LAS VEGAS -- The retail coverage study from Food Distributors International, Falls Church, Va., scheduled for release in September remains a work-in- progress, "but the results are already staggering," one of the study's co-chairs told the convention here of the Reston, Va.-based National Grocers Association.
"One of the most exciting things about the study is it doesn't simply offer potential for incremental growth -- it offers ways to leap-frog the competition," Sandy Brawley, national sales manager for The Clorox Co., Oakland, Calif., said.
Brawley made his remarks in a videotaped message played during a general session at NGA's annual convention earlier this month. The complete study is scheduled for release next fall at the Midyear Executive Conference planned for Sept. 9-12 in Hilton Head, S.C. -- an annual event that, for the first time, will be jointly sponsored by NGA and FDI, the two associations announced during last week's NGA meeting here.

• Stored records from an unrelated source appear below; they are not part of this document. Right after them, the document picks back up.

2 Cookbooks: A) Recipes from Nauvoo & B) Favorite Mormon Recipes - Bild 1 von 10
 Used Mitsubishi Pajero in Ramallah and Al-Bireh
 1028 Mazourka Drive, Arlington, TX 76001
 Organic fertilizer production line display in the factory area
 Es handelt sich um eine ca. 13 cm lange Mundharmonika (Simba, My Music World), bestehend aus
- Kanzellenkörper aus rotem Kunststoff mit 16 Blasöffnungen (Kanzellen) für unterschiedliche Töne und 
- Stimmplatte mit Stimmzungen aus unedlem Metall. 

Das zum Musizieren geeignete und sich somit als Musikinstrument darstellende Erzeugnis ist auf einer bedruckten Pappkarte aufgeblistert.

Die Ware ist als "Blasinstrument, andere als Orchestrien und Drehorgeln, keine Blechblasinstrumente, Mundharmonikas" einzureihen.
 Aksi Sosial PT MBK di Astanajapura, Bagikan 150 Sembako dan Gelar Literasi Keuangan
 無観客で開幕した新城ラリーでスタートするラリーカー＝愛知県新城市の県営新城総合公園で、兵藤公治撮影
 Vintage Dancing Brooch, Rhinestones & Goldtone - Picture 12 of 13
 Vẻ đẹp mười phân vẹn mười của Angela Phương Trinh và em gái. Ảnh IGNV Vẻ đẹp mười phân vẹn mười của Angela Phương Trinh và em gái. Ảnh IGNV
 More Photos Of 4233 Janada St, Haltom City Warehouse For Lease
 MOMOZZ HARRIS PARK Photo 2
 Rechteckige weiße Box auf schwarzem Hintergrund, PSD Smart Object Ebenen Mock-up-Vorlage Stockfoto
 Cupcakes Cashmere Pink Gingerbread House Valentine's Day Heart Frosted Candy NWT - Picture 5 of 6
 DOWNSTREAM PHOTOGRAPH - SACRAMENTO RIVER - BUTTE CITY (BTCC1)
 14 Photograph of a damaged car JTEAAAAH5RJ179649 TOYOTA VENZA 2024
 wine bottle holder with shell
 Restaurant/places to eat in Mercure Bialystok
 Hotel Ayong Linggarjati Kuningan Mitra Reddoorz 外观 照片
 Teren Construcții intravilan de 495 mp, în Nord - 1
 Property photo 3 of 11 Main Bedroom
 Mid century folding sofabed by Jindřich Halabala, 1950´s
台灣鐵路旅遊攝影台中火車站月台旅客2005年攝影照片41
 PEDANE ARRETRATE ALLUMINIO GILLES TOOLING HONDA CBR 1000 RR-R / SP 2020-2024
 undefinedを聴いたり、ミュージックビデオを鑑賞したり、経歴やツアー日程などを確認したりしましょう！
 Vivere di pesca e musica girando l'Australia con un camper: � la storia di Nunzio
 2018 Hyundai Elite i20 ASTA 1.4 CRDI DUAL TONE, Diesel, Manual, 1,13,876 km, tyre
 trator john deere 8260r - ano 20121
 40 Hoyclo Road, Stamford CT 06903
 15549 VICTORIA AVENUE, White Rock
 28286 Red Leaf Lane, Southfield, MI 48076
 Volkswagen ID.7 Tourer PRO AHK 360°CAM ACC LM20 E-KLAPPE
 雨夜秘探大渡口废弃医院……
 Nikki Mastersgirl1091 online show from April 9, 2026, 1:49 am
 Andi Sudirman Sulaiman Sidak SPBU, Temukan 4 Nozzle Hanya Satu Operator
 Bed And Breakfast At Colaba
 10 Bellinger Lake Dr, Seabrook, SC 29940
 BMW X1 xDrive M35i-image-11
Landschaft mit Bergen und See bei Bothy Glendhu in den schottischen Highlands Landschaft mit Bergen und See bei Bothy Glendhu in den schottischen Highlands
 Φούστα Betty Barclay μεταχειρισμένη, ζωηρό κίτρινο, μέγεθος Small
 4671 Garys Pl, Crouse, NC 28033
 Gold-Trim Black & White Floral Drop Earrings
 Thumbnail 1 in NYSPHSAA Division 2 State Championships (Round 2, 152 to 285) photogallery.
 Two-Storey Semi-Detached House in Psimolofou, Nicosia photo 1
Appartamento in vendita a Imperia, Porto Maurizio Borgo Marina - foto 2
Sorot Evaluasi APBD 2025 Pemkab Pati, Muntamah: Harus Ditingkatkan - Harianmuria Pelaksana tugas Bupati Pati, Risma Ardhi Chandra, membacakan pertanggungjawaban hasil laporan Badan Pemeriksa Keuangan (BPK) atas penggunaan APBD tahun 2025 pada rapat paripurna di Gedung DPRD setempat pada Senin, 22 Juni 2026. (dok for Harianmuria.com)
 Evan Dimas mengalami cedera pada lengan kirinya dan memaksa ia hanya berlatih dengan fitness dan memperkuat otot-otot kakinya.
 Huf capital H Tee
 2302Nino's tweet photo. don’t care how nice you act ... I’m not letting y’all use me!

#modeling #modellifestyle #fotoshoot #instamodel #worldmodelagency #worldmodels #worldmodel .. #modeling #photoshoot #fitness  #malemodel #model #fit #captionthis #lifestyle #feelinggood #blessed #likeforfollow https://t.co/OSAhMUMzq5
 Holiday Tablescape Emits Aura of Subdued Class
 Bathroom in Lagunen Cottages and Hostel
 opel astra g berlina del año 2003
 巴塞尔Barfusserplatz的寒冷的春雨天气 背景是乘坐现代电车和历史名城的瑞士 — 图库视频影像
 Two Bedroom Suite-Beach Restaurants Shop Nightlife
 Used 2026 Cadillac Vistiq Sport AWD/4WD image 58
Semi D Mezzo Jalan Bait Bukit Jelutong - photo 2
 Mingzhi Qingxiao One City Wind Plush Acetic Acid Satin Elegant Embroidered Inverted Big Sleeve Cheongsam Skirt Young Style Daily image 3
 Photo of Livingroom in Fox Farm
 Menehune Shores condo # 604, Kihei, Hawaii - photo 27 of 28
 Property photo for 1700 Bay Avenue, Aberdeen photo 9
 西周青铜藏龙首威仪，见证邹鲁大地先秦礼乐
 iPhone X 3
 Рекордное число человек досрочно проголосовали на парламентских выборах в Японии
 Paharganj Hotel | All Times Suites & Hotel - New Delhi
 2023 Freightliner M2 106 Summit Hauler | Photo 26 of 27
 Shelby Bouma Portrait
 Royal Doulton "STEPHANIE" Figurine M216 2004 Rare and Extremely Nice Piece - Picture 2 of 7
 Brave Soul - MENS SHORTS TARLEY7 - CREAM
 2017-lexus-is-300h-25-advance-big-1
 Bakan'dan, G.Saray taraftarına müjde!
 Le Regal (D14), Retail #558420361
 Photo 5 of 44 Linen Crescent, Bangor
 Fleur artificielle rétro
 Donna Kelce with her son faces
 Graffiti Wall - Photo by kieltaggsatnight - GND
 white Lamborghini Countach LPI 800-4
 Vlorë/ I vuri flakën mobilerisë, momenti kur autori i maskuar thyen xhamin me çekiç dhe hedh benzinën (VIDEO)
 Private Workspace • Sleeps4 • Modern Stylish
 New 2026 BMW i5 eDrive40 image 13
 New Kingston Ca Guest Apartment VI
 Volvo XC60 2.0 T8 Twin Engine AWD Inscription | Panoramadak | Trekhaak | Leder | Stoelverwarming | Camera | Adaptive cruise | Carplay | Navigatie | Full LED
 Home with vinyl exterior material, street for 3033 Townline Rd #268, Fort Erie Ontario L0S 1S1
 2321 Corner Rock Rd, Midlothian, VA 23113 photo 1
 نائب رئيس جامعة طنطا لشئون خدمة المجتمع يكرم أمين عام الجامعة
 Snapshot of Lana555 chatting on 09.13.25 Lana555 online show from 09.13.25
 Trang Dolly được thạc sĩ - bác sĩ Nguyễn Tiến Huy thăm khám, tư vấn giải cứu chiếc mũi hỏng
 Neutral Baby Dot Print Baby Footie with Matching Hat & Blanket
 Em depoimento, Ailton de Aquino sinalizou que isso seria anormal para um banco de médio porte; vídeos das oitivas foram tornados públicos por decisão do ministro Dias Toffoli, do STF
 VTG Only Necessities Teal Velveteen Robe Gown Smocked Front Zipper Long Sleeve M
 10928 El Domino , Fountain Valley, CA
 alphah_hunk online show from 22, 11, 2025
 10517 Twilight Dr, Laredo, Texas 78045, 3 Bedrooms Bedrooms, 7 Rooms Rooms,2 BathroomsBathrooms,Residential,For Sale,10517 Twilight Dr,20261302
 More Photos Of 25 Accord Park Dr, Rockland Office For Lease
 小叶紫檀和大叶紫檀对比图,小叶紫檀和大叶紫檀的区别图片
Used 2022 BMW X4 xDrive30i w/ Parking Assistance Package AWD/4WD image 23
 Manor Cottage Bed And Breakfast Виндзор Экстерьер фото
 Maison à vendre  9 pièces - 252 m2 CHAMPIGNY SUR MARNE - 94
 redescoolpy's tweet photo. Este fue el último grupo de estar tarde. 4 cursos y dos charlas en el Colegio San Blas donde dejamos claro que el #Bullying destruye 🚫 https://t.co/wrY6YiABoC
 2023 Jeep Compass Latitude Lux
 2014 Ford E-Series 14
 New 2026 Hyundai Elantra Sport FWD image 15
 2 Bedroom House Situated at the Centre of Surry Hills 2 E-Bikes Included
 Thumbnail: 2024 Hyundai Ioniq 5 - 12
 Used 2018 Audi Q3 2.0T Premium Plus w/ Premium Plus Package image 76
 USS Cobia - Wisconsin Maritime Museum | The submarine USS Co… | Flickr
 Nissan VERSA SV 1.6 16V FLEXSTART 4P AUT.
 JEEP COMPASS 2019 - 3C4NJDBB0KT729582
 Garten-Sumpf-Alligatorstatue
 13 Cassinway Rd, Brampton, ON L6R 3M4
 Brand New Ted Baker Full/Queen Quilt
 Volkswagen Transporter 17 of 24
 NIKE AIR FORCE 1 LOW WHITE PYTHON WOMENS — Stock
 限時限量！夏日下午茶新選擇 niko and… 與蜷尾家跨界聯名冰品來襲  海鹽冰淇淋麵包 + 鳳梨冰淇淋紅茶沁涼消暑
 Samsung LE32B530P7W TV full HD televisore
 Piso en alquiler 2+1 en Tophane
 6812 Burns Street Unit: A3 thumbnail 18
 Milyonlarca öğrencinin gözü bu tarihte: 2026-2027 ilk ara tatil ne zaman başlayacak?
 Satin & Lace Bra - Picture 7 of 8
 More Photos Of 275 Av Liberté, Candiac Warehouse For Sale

The study, called Strategy 2005, is expected to touch on such issues as speed-to-shelf, shelf integrity, assortment management and shelf management.
Brawley's optimism about the study's findings were echoed by other presenters, many of whom also spoke to the NGA meeting on video.
According to John Block, president and chief executive officer of FDI, the study has already quantified some of the inequities that exist for independents. "We've found it takes independent stores 4 to 6 weeks longer than the chains to get new products on the shelf," he said.
Leland Dake, vice president, wholesale merchandising, for Supervalu, Minneapolis -- who is also a co-chair of the project -- said the study indicates that if wholesalers, retailers, manufacturers, brokers and trade associations don't all work together, "we will suffer in the marketplace."
Speaking to NGA in person, Al Plamann, chairman of Unified Western Grocers, Los Angeles -- the successor company to Certified Grocers of California -- said independents don't need to be primary shopping destinations in order to be successful.
In the battle to win consumers back from alternative formats, "many retailers have lost their place as the consumers' primary shopping destination," he said. "Their stores have become secondary shopping options, and that is likely to continue. "But being a secondary destination is not necessarily a bad thing, and it doesn't suggest failure.
"All it means is those operators must focus on offerings that differentiate themselves from alternative store formats, because relying solely on price or promotions is not necessarily a formula for success."
In taped segment at the same general convention session, Jay Campbell, president and chief executive officer of Associated Grocers, Baton Rouge, La., and NGA chairman, said NGA is continuing to strive to establish a level playing field for all distributors "so they all compete by the same rules."